- [About this task]: Copy out the line that contains "TOYOTA CAMRY 1999 4t1bg22k5xu874969" and the lines after it through the final one in the entries below, exactly, with no other lines.

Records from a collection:

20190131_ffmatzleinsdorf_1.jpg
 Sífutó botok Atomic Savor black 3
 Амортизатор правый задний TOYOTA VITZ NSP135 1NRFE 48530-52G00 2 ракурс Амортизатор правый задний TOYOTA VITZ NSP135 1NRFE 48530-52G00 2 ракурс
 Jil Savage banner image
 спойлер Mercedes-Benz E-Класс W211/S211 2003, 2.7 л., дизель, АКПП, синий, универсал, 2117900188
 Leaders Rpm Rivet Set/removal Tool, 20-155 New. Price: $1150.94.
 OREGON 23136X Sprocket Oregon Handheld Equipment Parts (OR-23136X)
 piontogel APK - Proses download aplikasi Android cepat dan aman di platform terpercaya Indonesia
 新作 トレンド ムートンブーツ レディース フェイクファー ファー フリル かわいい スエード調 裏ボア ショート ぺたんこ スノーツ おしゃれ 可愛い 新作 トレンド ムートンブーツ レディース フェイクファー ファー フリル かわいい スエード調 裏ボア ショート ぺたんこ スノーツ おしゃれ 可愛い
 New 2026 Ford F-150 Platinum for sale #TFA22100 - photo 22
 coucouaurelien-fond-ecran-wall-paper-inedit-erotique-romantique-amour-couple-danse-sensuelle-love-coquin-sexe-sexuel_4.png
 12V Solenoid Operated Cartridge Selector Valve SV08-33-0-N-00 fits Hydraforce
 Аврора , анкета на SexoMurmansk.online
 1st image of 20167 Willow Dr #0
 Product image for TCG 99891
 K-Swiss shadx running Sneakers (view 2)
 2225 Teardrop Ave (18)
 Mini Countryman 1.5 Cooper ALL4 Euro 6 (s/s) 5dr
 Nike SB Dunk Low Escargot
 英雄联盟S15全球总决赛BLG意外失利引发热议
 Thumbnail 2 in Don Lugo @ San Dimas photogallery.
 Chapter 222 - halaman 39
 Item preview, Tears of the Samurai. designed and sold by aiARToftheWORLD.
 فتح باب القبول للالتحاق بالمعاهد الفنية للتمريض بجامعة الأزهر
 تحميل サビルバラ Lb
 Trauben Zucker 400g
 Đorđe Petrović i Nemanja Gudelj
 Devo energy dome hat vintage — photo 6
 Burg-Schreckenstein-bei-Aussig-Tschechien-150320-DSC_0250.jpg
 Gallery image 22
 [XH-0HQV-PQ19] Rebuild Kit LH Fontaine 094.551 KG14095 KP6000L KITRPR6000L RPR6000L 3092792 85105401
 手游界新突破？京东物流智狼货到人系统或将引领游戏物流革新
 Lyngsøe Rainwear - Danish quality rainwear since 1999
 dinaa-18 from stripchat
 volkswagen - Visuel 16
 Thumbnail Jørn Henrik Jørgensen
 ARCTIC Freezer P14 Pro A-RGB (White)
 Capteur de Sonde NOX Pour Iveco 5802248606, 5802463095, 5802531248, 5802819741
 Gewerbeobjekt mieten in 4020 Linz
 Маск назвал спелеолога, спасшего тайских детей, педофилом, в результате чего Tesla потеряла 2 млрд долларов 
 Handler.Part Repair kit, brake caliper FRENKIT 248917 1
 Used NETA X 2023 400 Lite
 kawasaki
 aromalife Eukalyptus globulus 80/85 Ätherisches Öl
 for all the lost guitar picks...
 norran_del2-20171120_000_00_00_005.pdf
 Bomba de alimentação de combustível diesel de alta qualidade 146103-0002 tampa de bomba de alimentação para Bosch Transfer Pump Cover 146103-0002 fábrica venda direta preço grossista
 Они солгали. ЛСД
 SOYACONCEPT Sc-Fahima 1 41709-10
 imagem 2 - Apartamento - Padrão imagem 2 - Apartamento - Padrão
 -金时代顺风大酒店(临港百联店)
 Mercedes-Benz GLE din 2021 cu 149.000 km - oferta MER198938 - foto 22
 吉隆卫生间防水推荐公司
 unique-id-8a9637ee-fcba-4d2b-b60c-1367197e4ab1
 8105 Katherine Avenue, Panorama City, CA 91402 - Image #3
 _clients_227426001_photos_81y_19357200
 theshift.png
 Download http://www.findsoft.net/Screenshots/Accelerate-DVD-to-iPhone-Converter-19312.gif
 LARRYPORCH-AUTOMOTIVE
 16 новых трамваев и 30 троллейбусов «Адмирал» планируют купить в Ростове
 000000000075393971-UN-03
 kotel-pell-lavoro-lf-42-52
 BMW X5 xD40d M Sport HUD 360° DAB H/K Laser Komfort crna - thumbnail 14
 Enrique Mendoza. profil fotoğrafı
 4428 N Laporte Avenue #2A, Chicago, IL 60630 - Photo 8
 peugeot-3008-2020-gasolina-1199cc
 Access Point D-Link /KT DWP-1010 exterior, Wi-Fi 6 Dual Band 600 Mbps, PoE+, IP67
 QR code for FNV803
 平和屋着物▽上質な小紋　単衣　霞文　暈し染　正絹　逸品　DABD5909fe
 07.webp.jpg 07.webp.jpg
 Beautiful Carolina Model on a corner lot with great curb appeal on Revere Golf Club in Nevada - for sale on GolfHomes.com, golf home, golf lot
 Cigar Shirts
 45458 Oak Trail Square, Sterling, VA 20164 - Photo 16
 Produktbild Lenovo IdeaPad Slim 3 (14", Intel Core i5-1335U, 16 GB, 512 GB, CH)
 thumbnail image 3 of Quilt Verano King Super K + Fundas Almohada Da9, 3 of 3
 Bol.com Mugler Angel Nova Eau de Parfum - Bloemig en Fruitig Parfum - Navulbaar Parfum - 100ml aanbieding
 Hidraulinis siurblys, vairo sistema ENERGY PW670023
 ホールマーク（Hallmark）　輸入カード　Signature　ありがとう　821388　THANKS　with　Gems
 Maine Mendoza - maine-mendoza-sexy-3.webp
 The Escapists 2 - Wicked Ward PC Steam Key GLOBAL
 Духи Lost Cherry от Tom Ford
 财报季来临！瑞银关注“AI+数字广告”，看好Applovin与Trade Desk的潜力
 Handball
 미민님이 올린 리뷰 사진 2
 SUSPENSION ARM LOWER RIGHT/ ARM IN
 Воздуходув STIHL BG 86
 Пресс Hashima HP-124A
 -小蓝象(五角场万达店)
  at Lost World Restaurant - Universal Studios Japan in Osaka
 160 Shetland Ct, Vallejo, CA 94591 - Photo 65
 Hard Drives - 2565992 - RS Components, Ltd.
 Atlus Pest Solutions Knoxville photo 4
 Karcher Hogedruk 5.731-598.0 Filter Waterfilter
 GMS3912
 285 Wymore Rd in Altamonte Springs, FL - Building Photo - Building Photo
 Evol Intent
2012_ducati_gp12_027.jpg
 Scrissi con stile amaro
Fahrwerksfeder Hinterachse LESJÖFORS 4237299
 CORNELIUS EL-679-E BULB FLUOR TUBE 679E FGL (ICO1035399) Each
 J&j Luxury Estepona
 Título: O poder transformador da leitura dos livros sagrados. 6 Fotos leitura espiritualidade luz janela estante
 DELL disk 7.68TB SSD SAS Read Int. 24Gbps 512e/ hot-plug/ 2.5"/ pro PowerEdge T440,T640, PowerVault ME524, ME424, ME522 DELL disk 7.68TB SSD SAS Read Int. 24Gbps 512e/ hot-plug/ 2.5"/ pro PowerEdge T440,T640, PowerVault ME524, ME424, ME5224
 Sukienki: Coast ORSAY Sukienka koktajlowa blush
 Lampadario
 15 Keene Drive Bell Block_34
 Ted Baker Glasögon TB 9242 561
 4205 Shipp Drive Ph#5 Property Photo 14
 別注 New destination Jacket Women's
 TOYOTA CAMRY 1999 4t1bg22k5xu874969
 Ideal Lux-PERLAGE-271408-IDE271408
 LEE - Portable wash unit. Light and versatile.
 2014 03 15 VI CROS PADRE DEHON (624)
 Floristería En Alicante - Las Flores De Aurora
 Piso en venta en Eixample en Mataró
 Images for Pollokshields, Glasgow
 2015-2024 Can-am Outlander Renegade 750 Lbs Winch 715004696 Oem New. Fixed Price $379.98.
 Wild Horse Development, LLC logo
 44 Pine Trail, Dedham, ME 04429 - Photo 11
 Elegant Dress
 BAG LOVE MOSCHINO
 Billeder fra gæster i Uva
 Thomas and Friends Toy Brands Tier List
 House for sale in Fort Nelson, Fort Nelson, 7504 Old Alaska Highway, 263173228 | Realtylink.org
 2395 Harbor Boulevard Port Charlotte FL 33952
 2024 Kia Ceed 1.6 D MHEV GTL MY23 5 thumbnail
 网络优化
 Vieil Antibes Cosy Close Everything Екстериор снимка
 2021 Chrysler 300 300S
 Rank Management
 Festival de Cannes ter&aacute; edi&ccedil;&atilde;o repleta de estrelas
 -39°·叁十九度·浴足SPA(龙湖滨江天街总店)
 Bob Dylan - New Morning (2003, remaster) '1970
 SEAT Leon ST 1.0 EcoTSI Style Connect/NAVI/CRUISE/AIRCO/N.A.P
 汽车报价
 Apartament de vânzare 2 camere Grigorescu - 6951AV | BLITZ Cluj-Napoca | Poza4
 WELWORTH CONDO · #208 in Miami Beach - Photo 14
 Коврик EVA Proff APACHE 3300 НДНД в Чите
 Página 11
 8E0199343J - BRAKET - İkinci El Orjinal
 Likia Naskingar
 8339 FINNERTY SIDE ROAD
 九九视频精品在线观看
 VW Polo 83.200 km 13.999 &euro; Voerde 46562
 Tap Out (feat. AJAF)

- [The answer]:
 TOYOTA CAMRY 1999 4t1bg22k5xu874969
 Ideal Lux-PERLAGE-271408-IDE271408
 LEE - Portable wash unit. Light and versatile.
 2014 03 15 VI CROS PADRE DEHON (624)
 Floristería En Alicante - Las Flores De Aurora
 Piso en venta en Eixample en Mataró
 Images for Pollokshields, Glasgow
 2015-2024 Can-am Outlander Renegade 750 Lbs Winch 715004696 Oem New. Fixed Price $379.98.
 Wild Horse Development, LLC logo
 44 Pine Trail, Dedham, ME 04429 - Photo 11
 Elegant Dress
 BAG LOVE MOSCHINO
 Billeder fra gæster i Uva
 Thomas and Friends Toy Brands Tier List
 House for sale in Fort Nelson, Fort Nelson, 7504 Old Alaska Highway, 263173228 | Realtylink.org
 2395 Harbor Boulevard Port Charlotte FL 33952
 2024 Kia Ceed 1.6 D MHEV GTL MY23 5 thumbnail
 网络优化
 Vieil Antibes Cosy Close Everything Екстериор снимка
 2021 Chrysler 300 300S
 Rank Management
 Festival de Cannes ter&aacute; edi&ccedil;&atilde;o repleta de estrelas
 -39°·叁十九度·浴足SPA(龙湖滨江天街总店)
 Bob Dylan - New Morning (2003, remaster) '1970
 SEAT Leon ST 1.0 EcoTSI Style Connect/NAVI/CRUISE/AIRCO/N.A.P
 汽车报价
 Apartament de vânzare 2 camere Grigorescu - 6951AV | BLITZ Cluj-Napoca | Poza4
 WELWORTH CONDO · #208 in Miami Beach - Photo 14
 Коврик EVA Proff APACHE 3300 НДНД в Чите
 Página 11
 8E0199343J - BRAKET - İkinci El Orjinal
 Likia Naskingar
 8339 FINNERTY SIDE ROAD
 九九视频精品在线观看
 VW Polo 83.200 km 13.999 &euro; Voerde 46562
 Tap Out (feat. AJAF)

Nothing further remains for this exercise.